**INSTRUCTIONS TO FOLLOW:** Copy out the full data exactly as given; pictures should not be included.

**SOURCE DATA:**
╔══
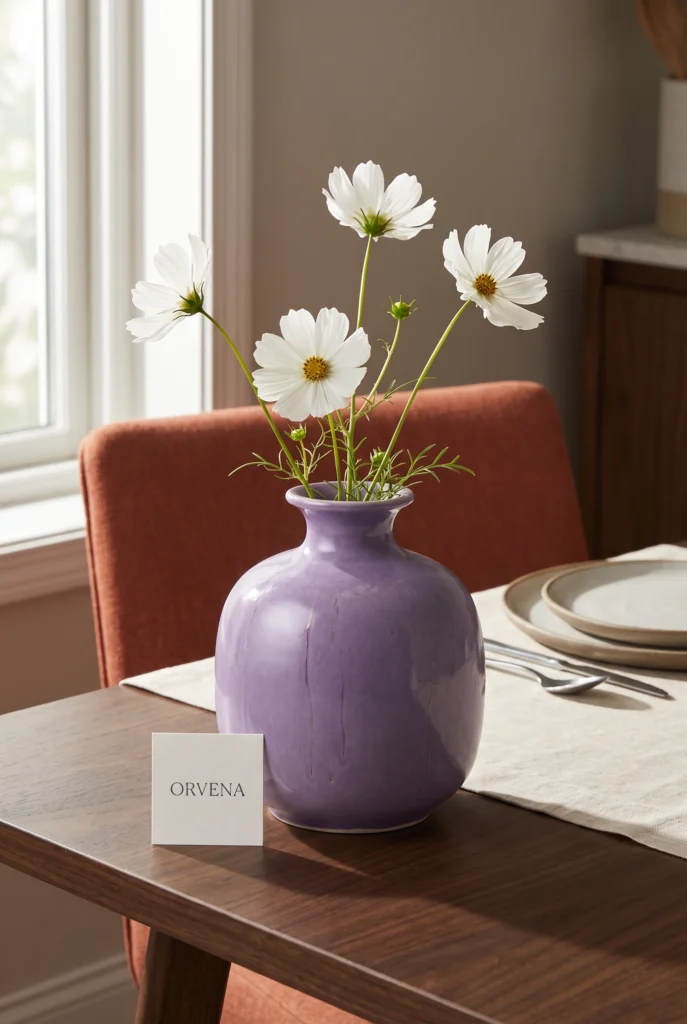 Vase en céramique lavande avec des fleurs blanches sur une table à manger en noyer.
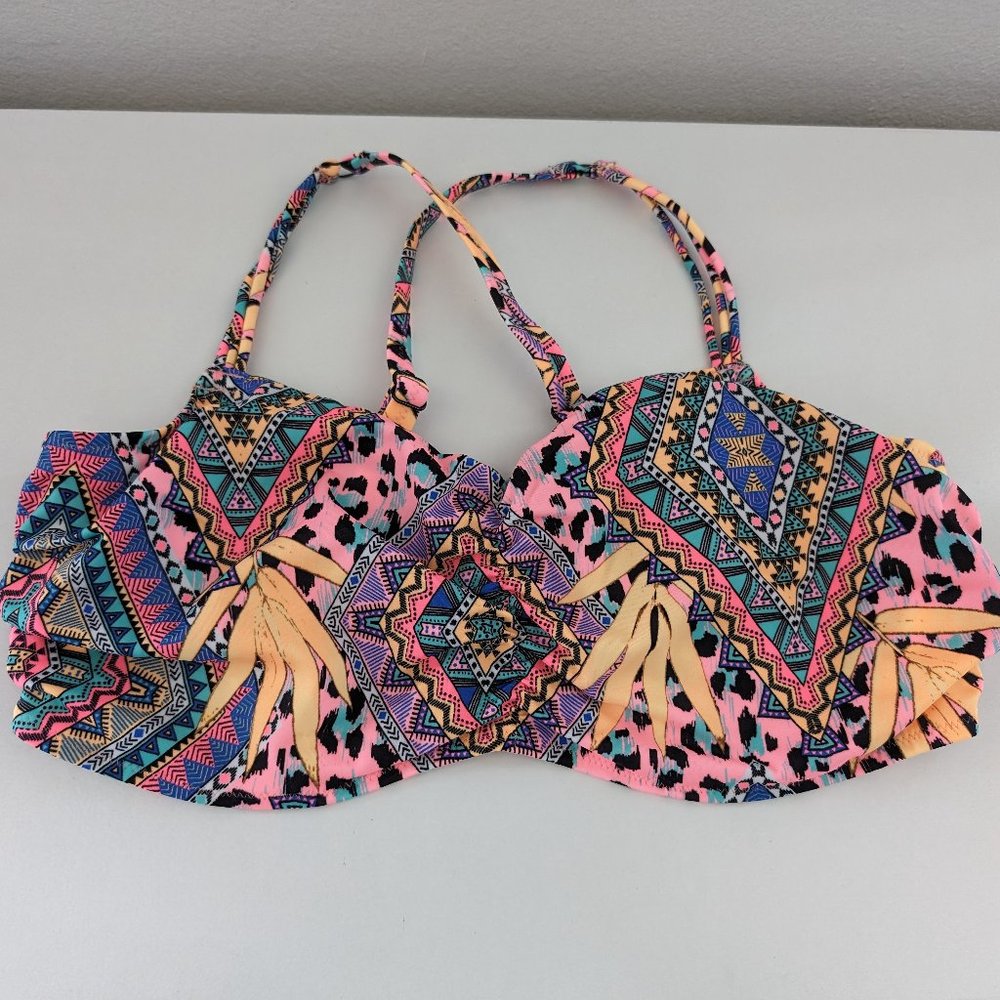 Freya Pink and Orange Bikini Top with Adjustable Straps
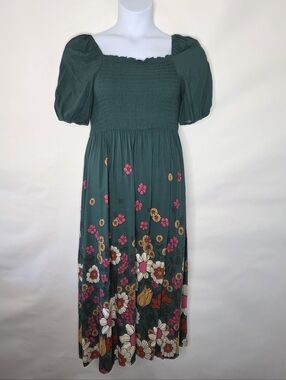 Princess Highway Smocked Floral Maxi Dress Size 10 Green Floral Viscose Spring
╚══
**EXERCISE OUTPUT:**
 Vase en céramique lavande avec des fleurs blanches sur une table à manger en noyer.
 Freya Pink and Orange Bikini Top with Adjustable Straps
 Princess Highway Smocked Floral Maxi Dress Size 10 Green Floral Viscose Spring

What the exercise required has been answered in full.